When is Huya reporting Q2 earnings?
17 August
Why should investors care about Huya’s earnings?
China tech giant Tencent [TCEHY] had initially proposed merging Huya and DouYu to streamline its sizable stakes in both companies. China’s State Administration of Market Regulation (SAMR) blocked the deal on antitrust grounds in mid-July. Since then, Huya’s share price has tanked, along with DouYu’s which is down over 30% from 12 July.
A falling share price could indicate a buying opportunity, although investments in China stock companies come with the added risk of Beijing’s current desire to flex its muscle over the sector. Still, Huya’s underlying fundamentals look decent, with the stock now being potentially undervalued.
$397.6million
Huya's Q1 revenue - an 8% YoY rise
In the first quarter, Huya’s revenue increased by 8.0% to RMB2,604.8 million (US$397.6 million), from RMB2,411.9 million for the same period of 2020. Non-GAAP income was RMB265.9 million (US$40.6 million) for the first quarter of 2021, representing an increase of 0.9% from RMB263.4 million for the same period of 2020.
The average number of monthly active users on Huya Live was relatively flat in the first quarter, coming in at 75.5m, compared to 74.7m in the same period the previous year. However, the total number of paying users of Huya Live fell to 5.9 million in the quarter, compared with 6.1 million in the first quarter of 2020.
Weighing up the two companies in July, The Motley Fool’s Josse Najarro suggests Huya beats out DouYu on several metrics, including net income and cash flow. Both, according to Najarro, have a strong balance sheet and no debt, and look undervalued.
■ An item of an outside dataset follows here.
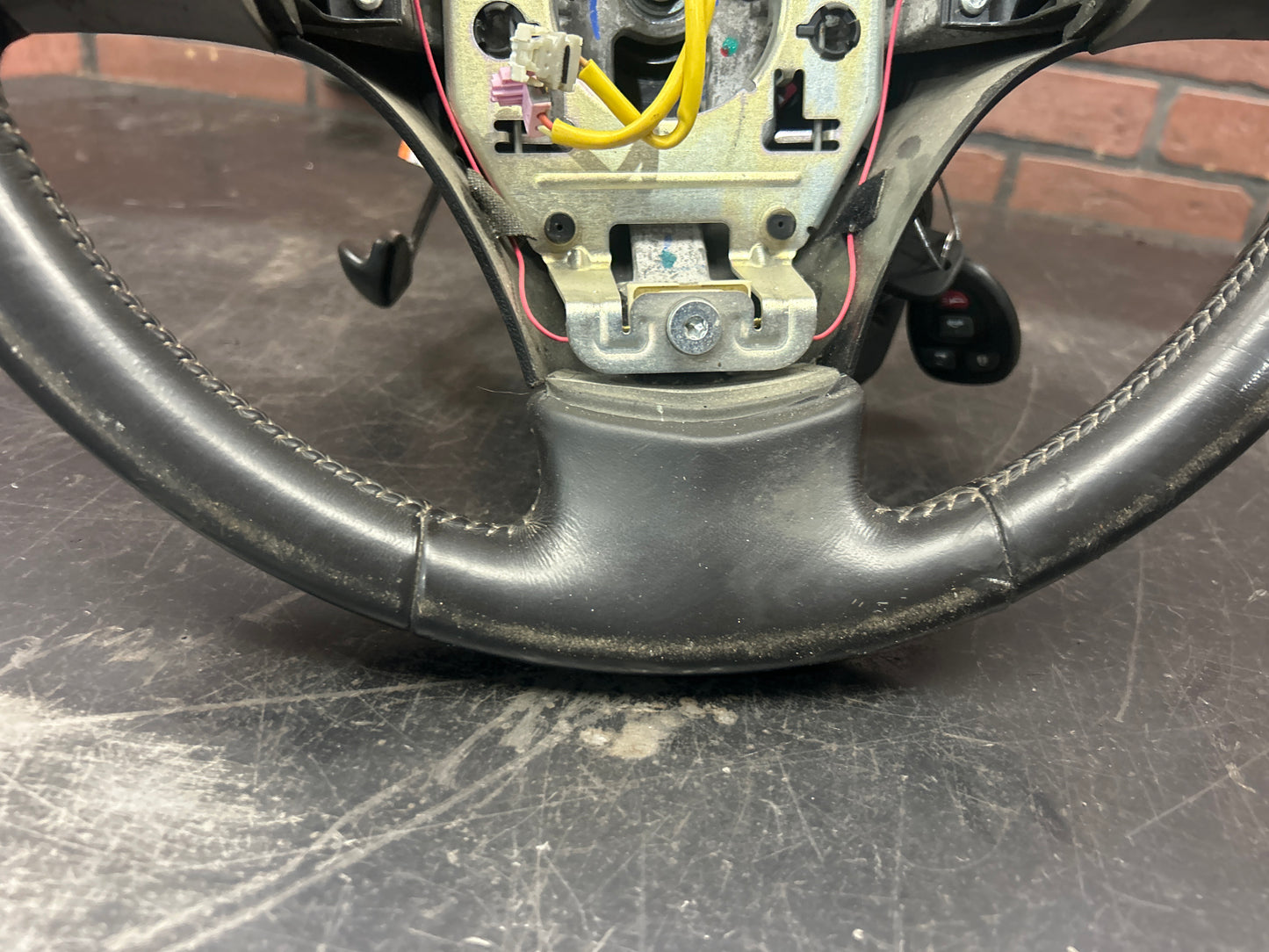 2006-2009 Pontiac Solstice Steering Wheel and Column W/ Cruise Controls Switches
In terms of price to earnings, Huya has a forward P/E of 11.26 while DouYu has a forward P/E of 12.82 - both relatively inexpensive for a tech stock. Najarro adds that the metric has come down over the past year and a half, even as the companies have grown bigger.
“The forward-price-to-sales ratio for Huya has fallen dramatically and is at levels seen during the first half of 2020. The correction could be providing long-term investors with a buying opportunity."
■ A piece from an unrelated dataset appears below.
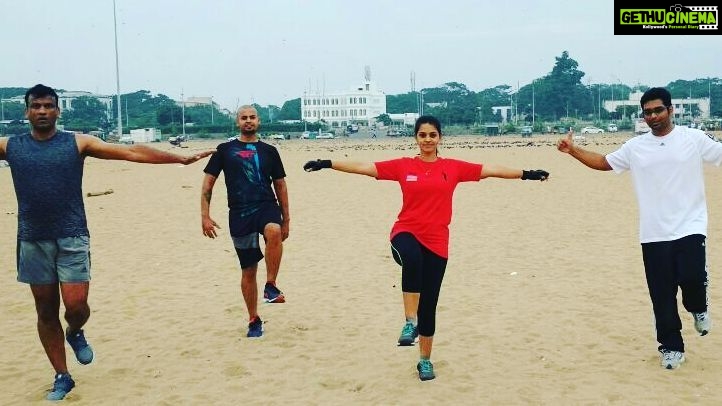 Swathishta Krishnan Instagram - Despite being lazy n sluggish , I never wanted to miss it . That one morning which I really wait for ..."THE TRAILBLAZER RUNNING CLUB" @f45training_nungambakkam 😍😍 #singleleghops #balancedrills #beachrun #6am #freshnessoverdosed #f45nungambakkam #trailblazerrunningclub #happyharmonesactivated❤❤ Marina Beach,Chennai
“The forward-price-to-sales ratio for Huya has fallen dramatically and is at levels seen during the first half of 2020. The correction could be providing long-term investors with a buying opportunity” - Josse Najarro
What is Wall Street expecting?
Expectations are that Huya will post earnings of $0.14 per share, down from $0.22 per share in the same timeframe last year. Revenue is pegged at $441.06m, a 10.5% increase from the $399.24m in the first quarter of 2020.
For the full year, Huya is expected to pull in $1.9bn in revenue, up 12% year-on-year. In 2022, expectations are for $2.18bn in revenue, a 14.7% year-on-year increase. In comparison, DouYu is expected to pull in $1.51bn in revenue, a 0.7% rise year-on-year, while in 2022 revenue is forecast at $1.74bn, a 15.6% jump.
$1.9billion
Huya's expected full year revenue - a 12% YoY rise
Is a beat on the cards? Well, Huya has managed to beat expectations for the past four quarters. Non-GAAP diluted net income per share in the first quarter was $0.17 per share, beating Wall Street expectations of $0.13 per share.
Analysts tracking Huya’s share price on MarketBeat have pinned an average $22.33 price target on the stock, representing a 121.1% upside on its 13 August close. Meanwhile, DouYu has an average price target of $14.71, which would see a 326.4% upside.